**The task**
If a line in the listing below includes the string "your", pull it out.

**Data to use**
■ ■ ■ ■

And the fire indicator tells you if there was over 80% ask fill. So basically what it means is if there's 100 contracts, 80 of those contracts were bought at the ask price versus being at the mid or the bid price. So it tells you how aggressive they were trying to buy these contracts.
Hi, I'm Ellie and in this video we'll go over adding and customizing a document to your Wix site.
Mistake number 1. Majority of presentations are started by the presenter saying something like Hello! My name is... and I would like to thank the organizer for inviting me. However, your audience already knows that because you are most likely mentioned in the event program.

■ ■ ■ ■

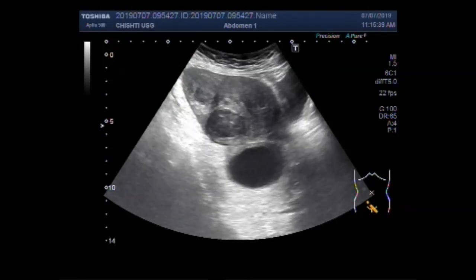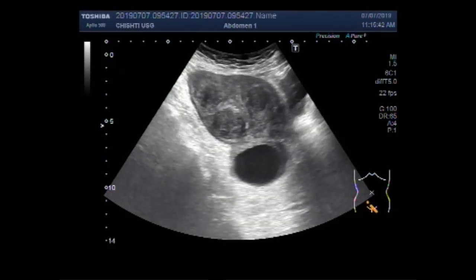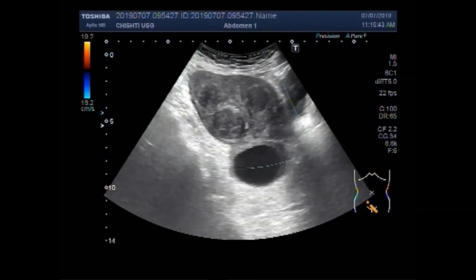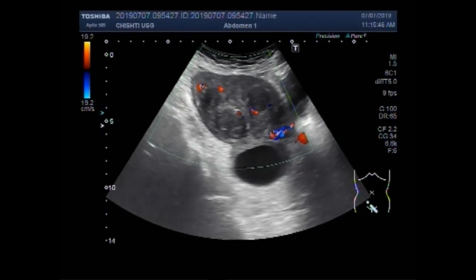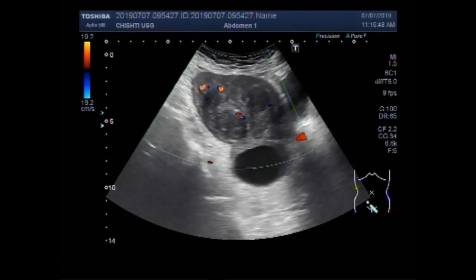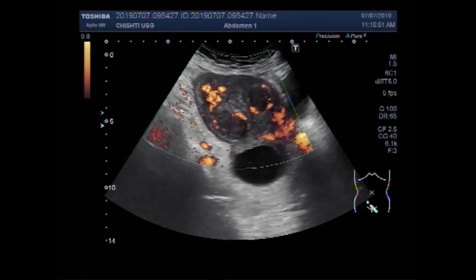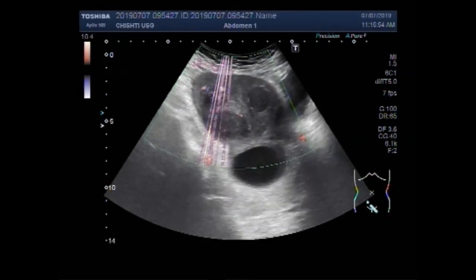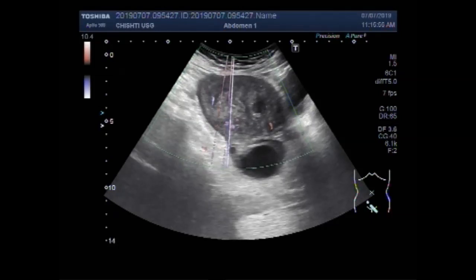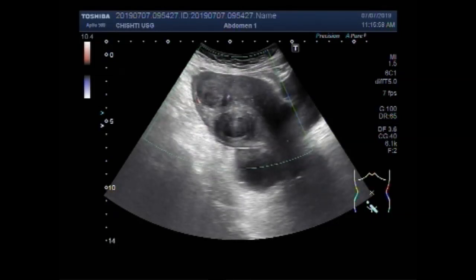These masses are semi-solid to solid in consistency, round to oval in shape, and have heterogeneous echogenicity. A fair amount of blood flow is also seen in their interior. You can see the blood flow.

■ ■ ■ ■

**Output of the exercise**
Hi, I'm Ellie and in this video we'll go over adding and customizing a document to your Wix site.
Mistake number 1. Majority of presentations are started by the presenter saying something like Hello! My name is... and I would like to thank the organizer for inviting me. However, your audience already knows that because you are most likely mentioned in the event program.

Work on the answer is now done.